## INSTRUCTIONS TO FOLLOW
Everything from the line that contains "To write a comment" through the last line below should be transcribed exactly, except the pictures.

═══ LISTED ENTRIES ═══

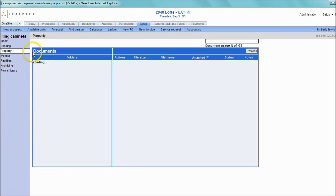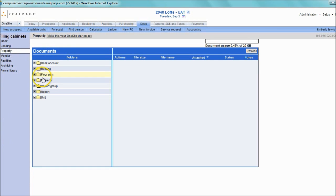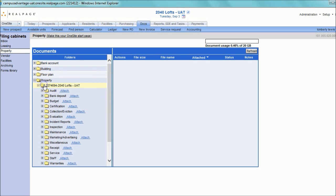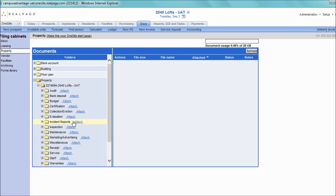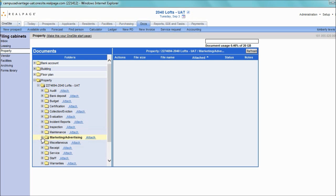The Property Cabinet allows you to add, review, and manage all of the documents and packets that you have added for your property. Commonly, this cabinet is used to store forms and documents that relate specifically to your property, such as incident reports, floor plans, marketing materials, and much more.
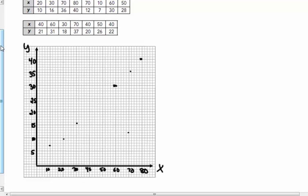Move over. There we go. 60 is 30. 50 is 28. So yours is probably going to look better than mine. I guess that's where it's going to go. 40 is 21. 60 is 31. 30 is 18. 70 is 37. 40 is 20. 50 is 26.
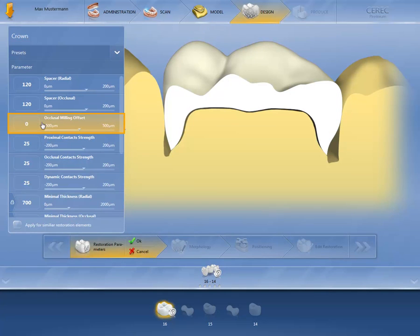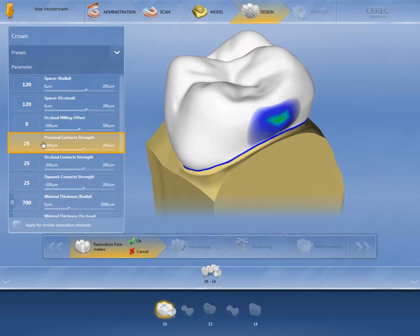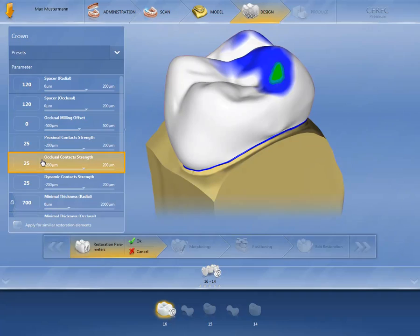With the occlusal milling offset, you can raise or lower material over the entire occlusal surface. Reduce the value if your restorations often need occlusal adjustment. The proximal contact strength determines the strength in mesial or distal direction. The occlusal contact strength determines the strength in occlusal direction. The preset values can be entered directly in the field or adjusted by using the slider.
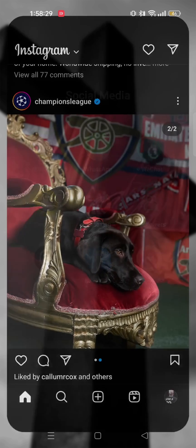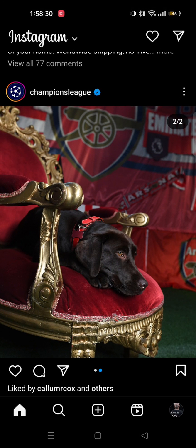First, you need to open your Instagram app. Then go to your profile on the bottom right.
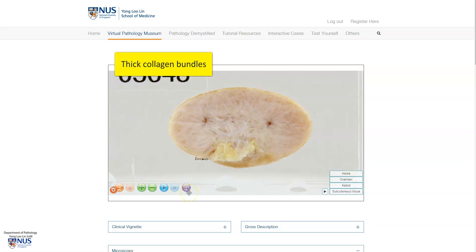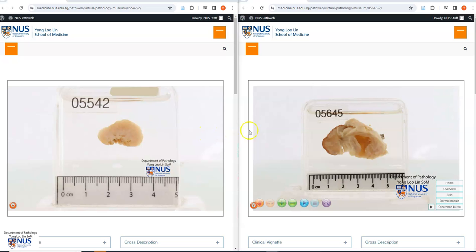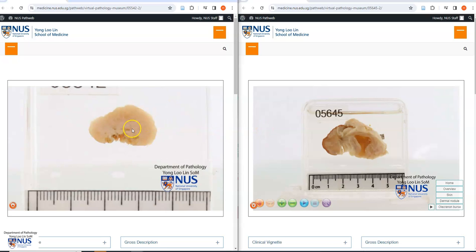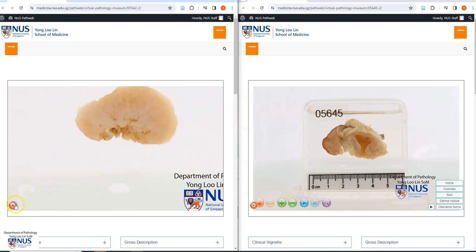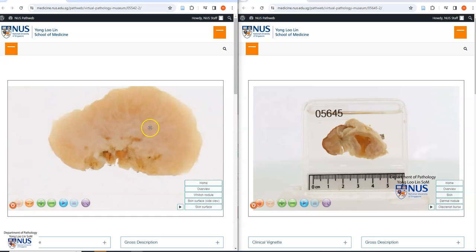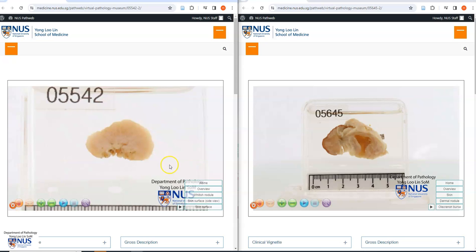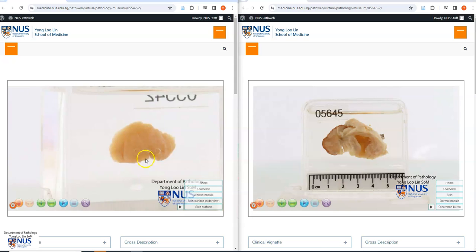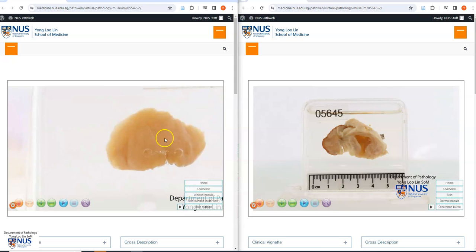Let's look at another example. Here are two further examples from our virtual pathology museum. On the left, we can see the cut surface, and it looks very similar to the previous case with this whitish, collagenous cut surface. And again, this is covered by intact, non-hair-bearing skin.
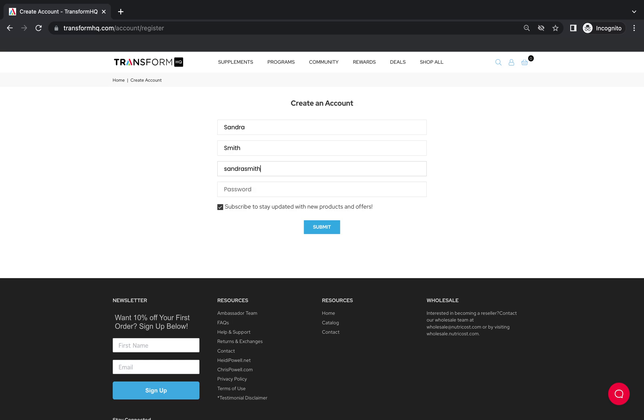So please take care to make sure you type in your email address exactly the same way you had it before.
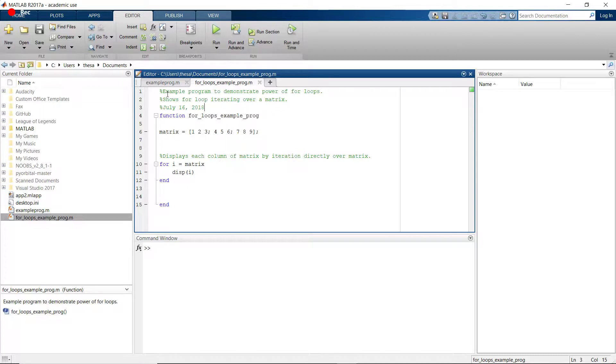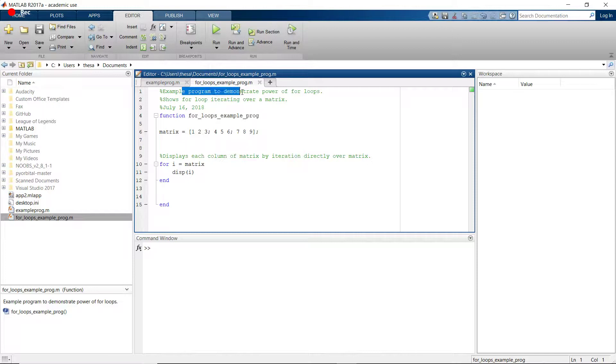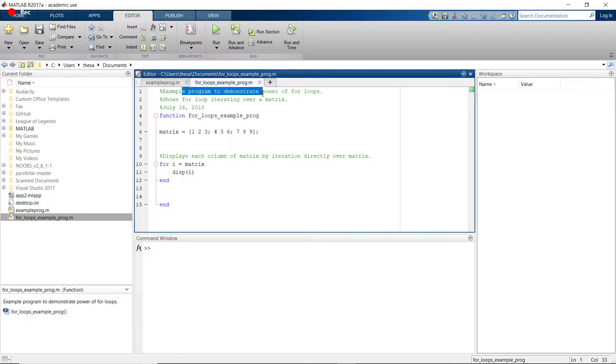To write a comment all you do is write the percent sign and then you can write whatever you want after this. Anything in green text will be ignored by the computer so you can write absolutely whatever you want. But there are some important traditions we should go over when writing comments in order to maximize their utility.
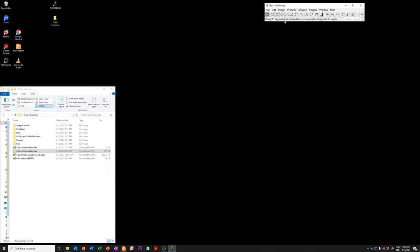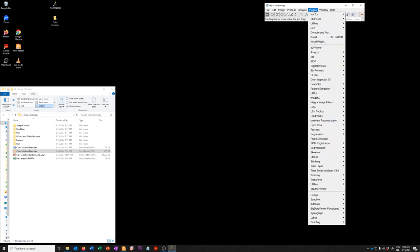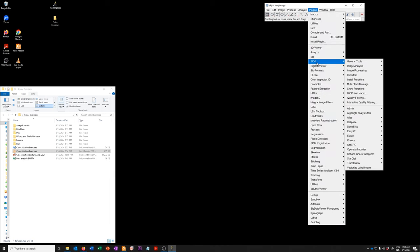Second, in Fiji, install the PT-BIOP plugin using the Fiji updater. If you did that successfully and you go to the plugins menu, you'll see that there is an entry called BIOP, and within BIOP, within image analysis, there will be something called BIOP JAKUP, which stands for Just Another Co-localization Plugin, and that is the main thing that we are going to use for the co-localization exercises.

═══

## ANSWER TO THE PROBLEM
To write a comment all you do is write the percent sign and then you can write whatever you want after this. Anything in green text will be ignored by the computer so you can write absolutely whatever you want. But there are some important traditions we should go over when writing comments in order to maximize their utility.
Second, in Fiji, install the PT-BIOP plugin using the Fiji updater. If you did that successfully and you go to the plugins menu, you'll see that there is an entry called BIOP, and within BIOP, within image analysis, there will be something called BIOP JAKUP, which stands for Just Another Co-localization Plugin, and that is the main thing that we are going to use for the co-localization exercises.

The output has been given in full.